Case ID: ind-app_12/html/0217-01.html
Source: Caselaw Access Project
Author: {"author": "Reinhard, J. —", "license": "Public Domain", "url": "https://static.case.law/"}
Date Created: 2024-08-24T03:29:51.129683

No. 1,574.
    The Salem-Bedford Stone Company v. O’Brien.
    
      Negligence. — Defined.—Duty to Third Person. — Actionable negligence consists in the breach of some duty owing from one person to another, by reason of which such person was injured. A duty owed to a third person is not sufficient to enable the injured person to recover.
    
      Same. — Faculties Must be Used. — Contributory Negligence. — A person must exercise his own faculties so as to avoid danger, if he can reasonably avoid it; and the failure to do so, if it contributes proximately to the injury, will prevent the injured person recovering damages for his injuries.
    
      Same. — Elements of Contributory Negligence. — The two essential ele. ments of contributory negligence are want of ordinary care by the plaintiff and a causal connection between such want of care and the injury.
    
      Same. — Ordinary Care Defined.- — Ordinary care is that degree of care and foresight which a discreet and cautious individual would, or ought to, use if the whole risk and loss were to be his own exclusively.
    From the Lawrence Circuit Court.
    
      W. H. Martin, for appellant.
    
      M. F. Bunn, for appellee.
   Reinhard, J. —

Appellee sued the appellant and recovered damages in the sum of $3,000 for a personal injury received while in the employment of the appellant.
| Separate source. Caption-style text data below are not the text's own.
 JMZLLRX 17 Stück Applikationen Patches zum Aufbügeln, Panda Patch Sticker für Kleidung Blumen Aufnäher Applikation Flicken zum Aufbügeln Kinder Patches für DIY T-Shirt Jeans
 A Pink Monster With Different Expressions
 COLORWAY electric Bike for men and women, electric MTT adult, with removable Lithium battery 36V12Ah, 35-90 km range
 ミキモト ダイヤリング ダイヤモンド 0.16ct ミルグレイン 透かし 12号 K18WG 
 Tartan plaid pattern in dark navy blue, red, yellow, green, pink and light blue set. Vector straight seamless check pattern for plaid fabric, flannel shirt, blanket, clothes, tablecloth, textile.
The complaint is in two paragraphs, to each of which a demurrer was overruled.

The jury answered certain interrogatories, and the appellant moved for a judgment upon these notwithstanding the general verdict, which motion was overruled, as was also the appellant’s motion for a new trial.
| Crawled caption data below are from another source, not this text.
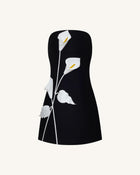 Strapless Floral Appliqué Dress - Black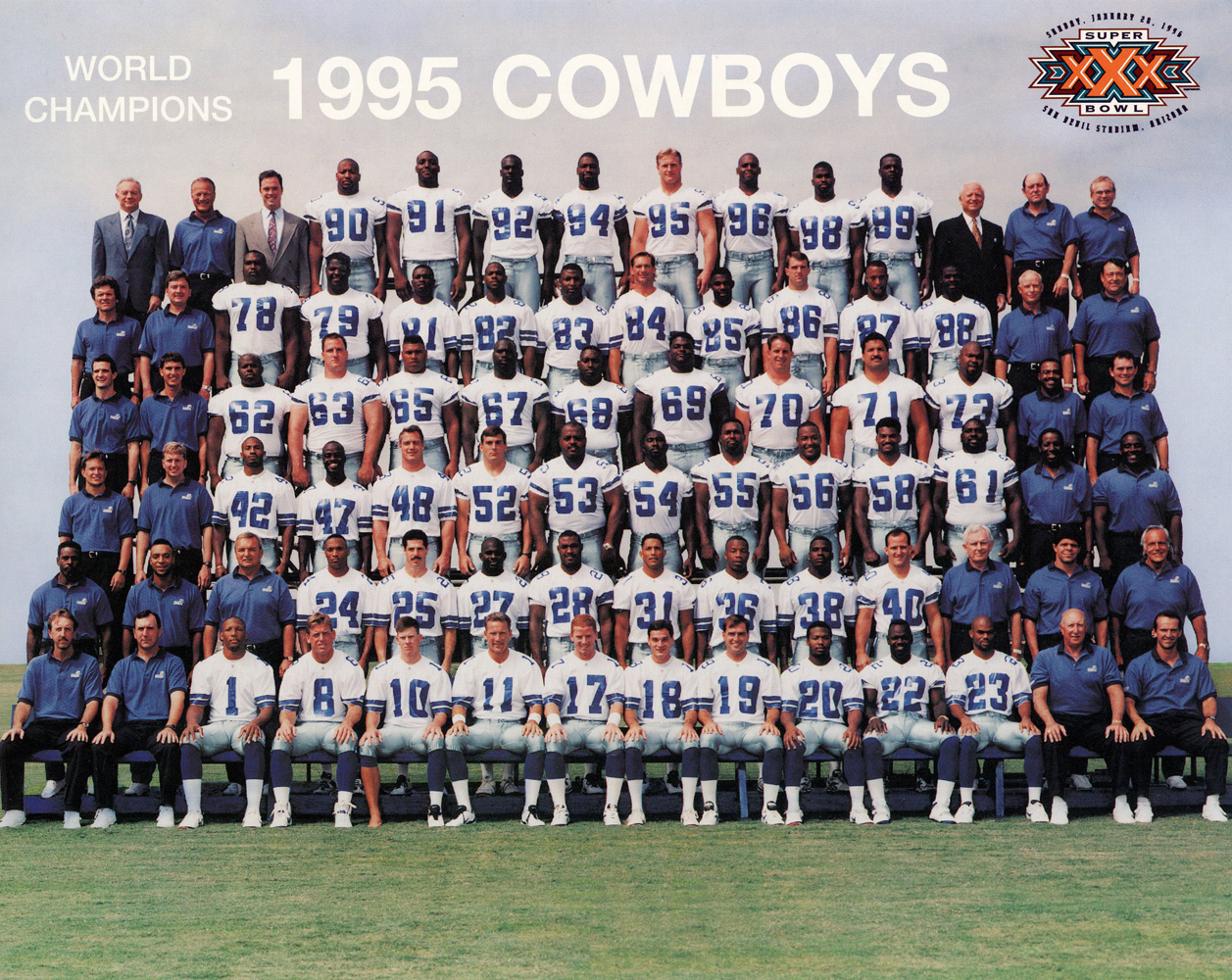 Dallas Cowboys 1995 SB XXX Champions Team Roster 8x10 Photo 48437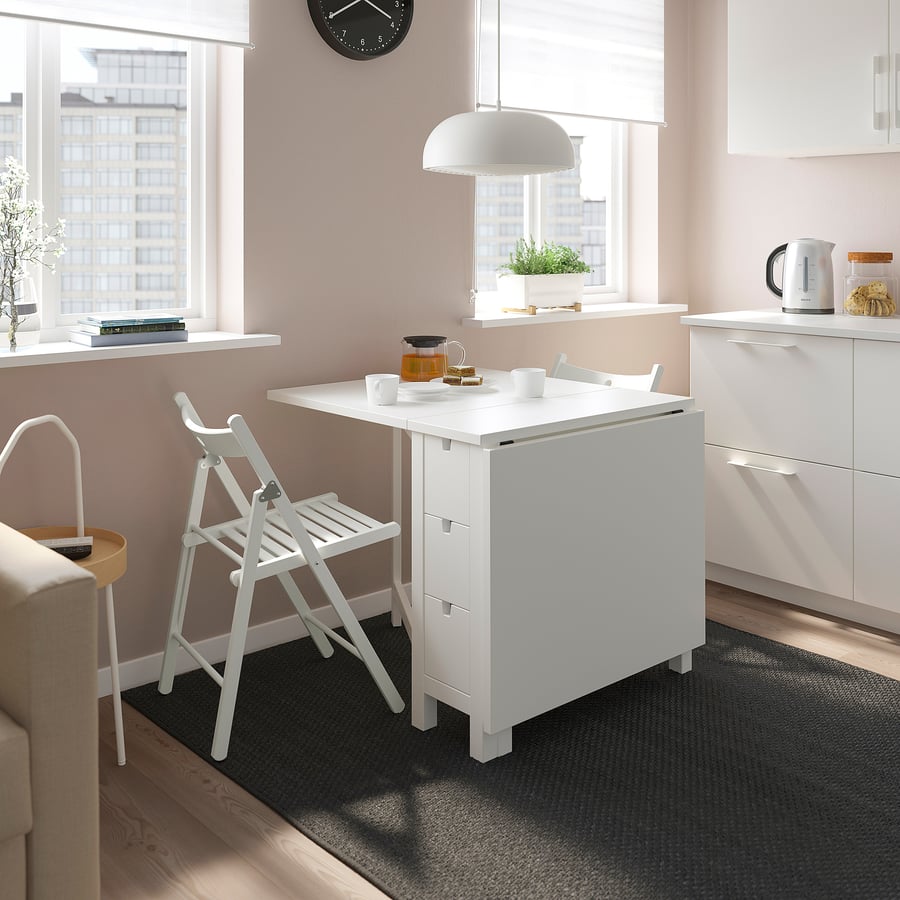 NORDEN / TERJE Table and 2 folding chairs, white/white, 101/4/35/597/8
Without entering upon a discussion of the questions arising from the ruling of the court upon the demurrer and the motion for a judgment notwithstanding the verdiet, we deem it sufficient to say that the court committed no error in these rulings.
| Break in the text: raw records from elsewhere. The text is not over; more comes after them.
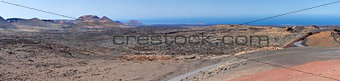 Panorama from volcanic hill on Lanzarote. Canary Islands.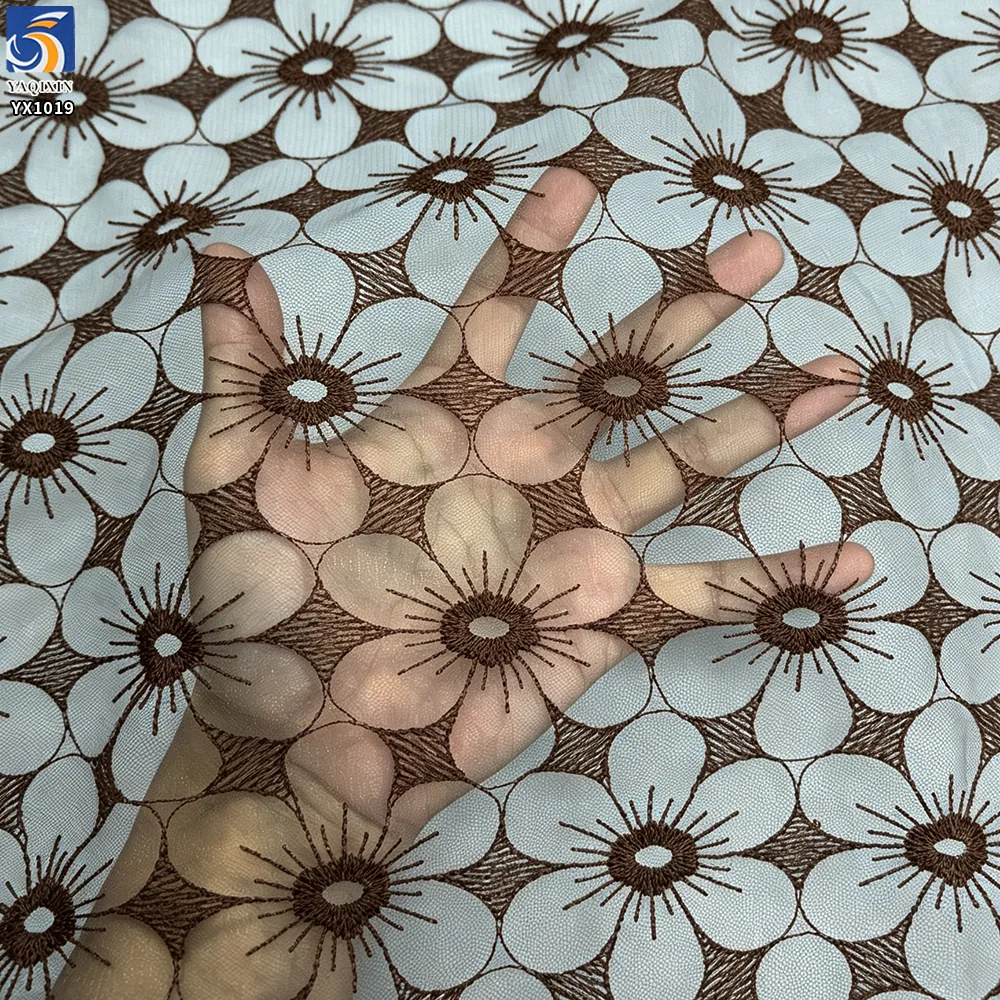 YX1019 Customized Embroidered Tulle Mesh Fabric With Designs in Three Days Floral Poly Embroidery Tulle Fabrics Textiles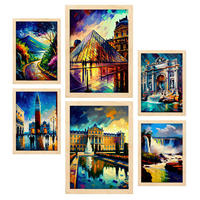 POSTER Set Mit 6 Winkel Im Ölgemälde Stil A3 & A4 Rahmen Aus Hellem Holz - Beige, Papier (29/3cm) - Nacnic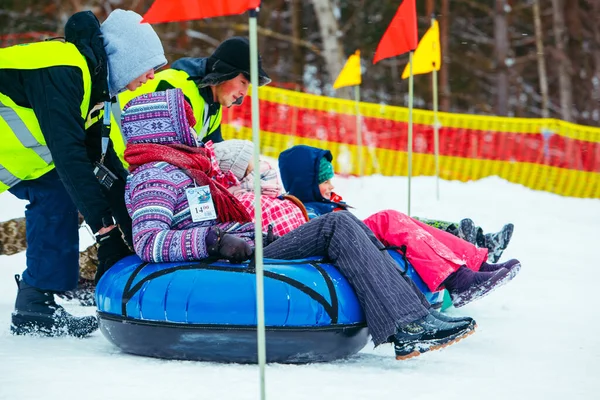 Lviv Ukraine January 2019 Winter Fun Activities Ride Hill Snow — Stock Photo, Image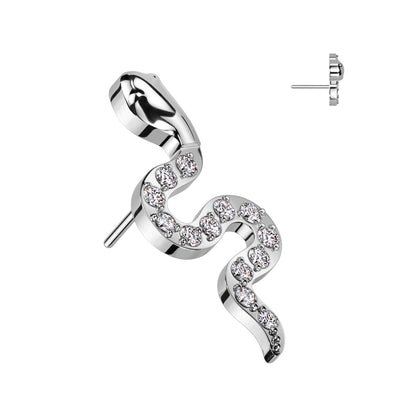 Threadless Push In CZ Pave Snake Top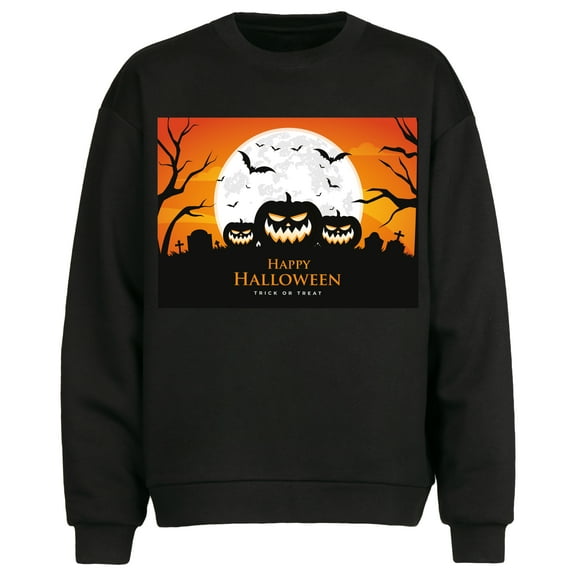 Happy Halloween Men's Crewneck Sweatshirt Solid Color, Sizes L-3XL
We regard each of the paragraphs of the complaint as sufficient, and the answers to interrogatories in harmony with the general verdict.

The serious question in the case is whether there is sufficient evidence to support the verdict of the jury. The evidence shows that the appellant is a corporation operating a stone quarry or quarries, and, at the time of appellee’s injury, was engaged in the erection of a stone saw mill, with its machinery, saws, planes and “travelers” in the vicinity of Bedford. The mill was not yet so far completed that any work could be done with it, and those employed at work and labor about the mill were engaged in the erection and construction of the mill and “travelers,” and in the placing of the machinery^ Among the machinery in process of erection and completion was a certain “traveler,” or movable derrick, which was intended to be operated on an elevated road or track from fifteen to eighteen feet or more above the ground, and which moved back and forth on iron rails. Over the machinery of this traveler was a “house” or “cab,” and immediately beneath this, resting upon the truck of the traveler, there were certain timbers and screws denominated “chords” and “trusses,” which served to support and strengthen the house or cab.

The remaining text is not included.